• Exercise
Starting at the line that contains "Colocasia esculenta 'Pink China'" and ending at the line that contains "Konstgjord grön Ormbunksblad 50cm", the lines below are to be given again exactly, with nothing added.

• Data records
______________________________

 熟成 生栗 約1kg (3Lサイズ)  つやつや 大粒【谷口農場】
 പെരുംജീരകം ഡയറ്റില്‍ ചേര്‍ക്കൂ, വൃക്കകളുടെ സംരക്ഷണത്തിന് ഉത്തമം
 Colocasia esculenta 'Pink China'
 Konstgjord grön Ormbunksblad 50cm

______________________________

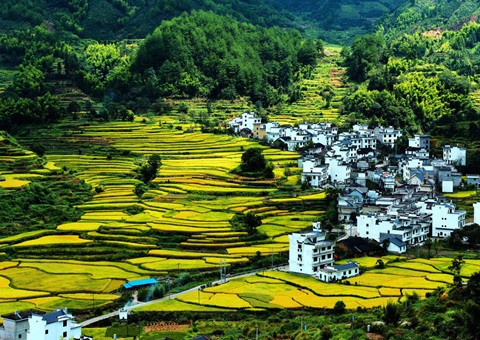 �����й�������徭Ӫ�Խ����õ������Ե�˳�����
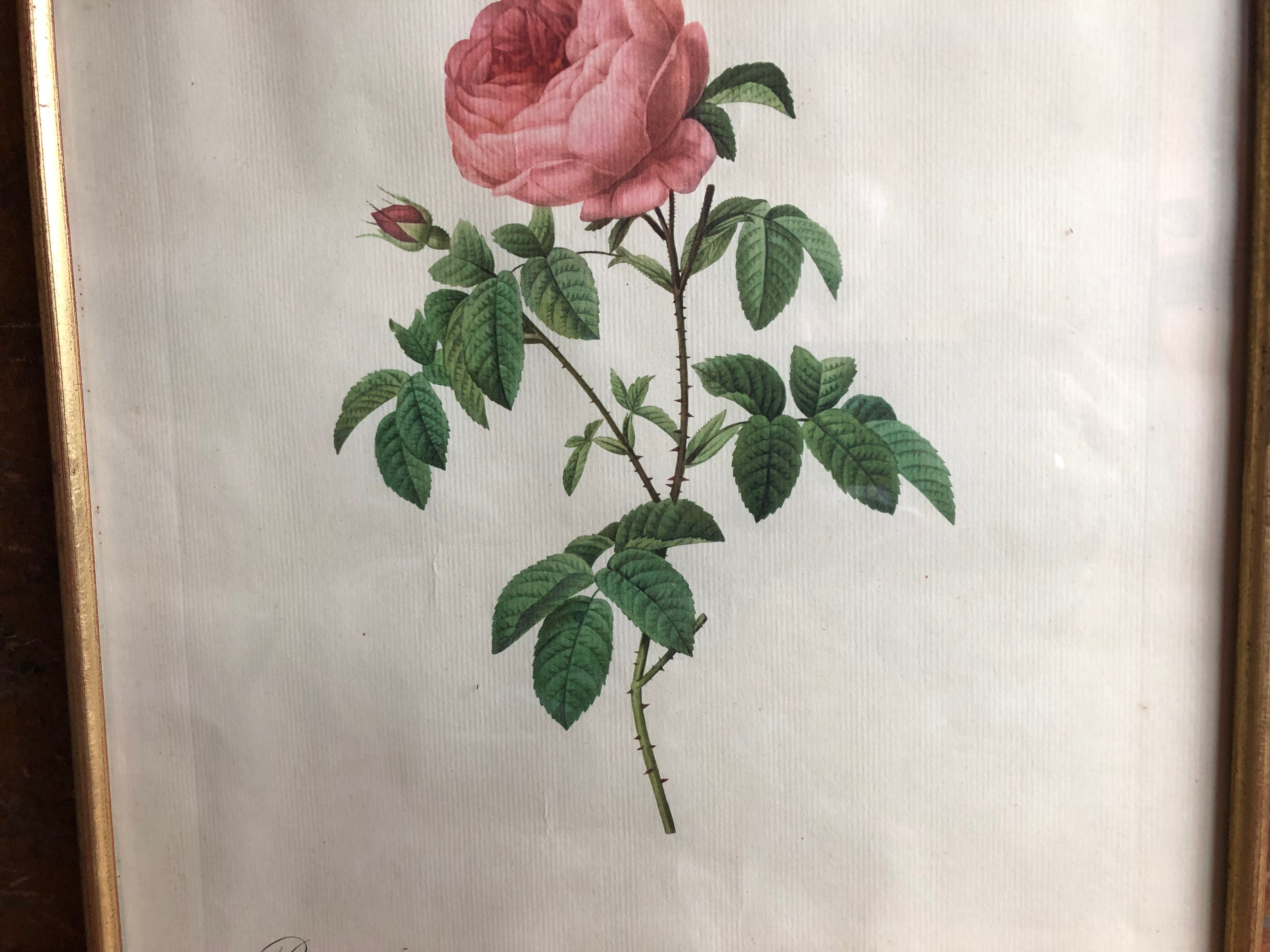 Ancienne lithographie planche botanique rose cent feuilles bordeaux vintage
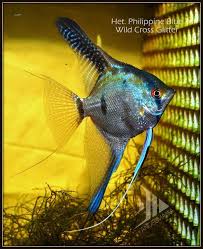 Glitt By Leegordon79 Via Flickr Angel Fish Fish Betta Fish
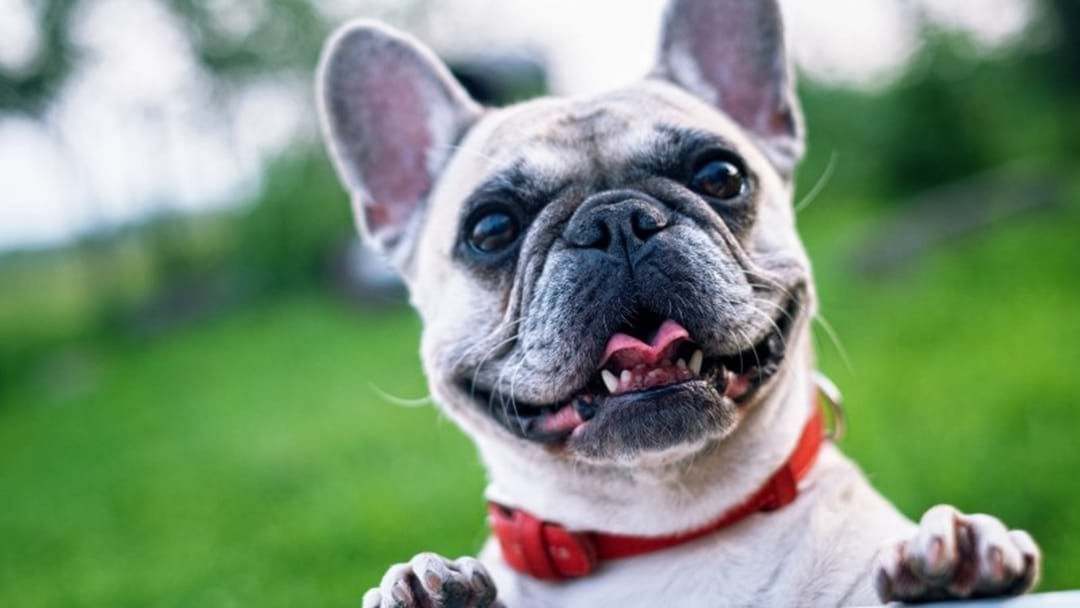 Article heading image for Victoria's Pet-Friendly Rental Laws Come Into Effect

______________________________

• Response below
 Colocasia esculenta 'Pink China'
 Konstgjord grön Ormbunksblad 50cm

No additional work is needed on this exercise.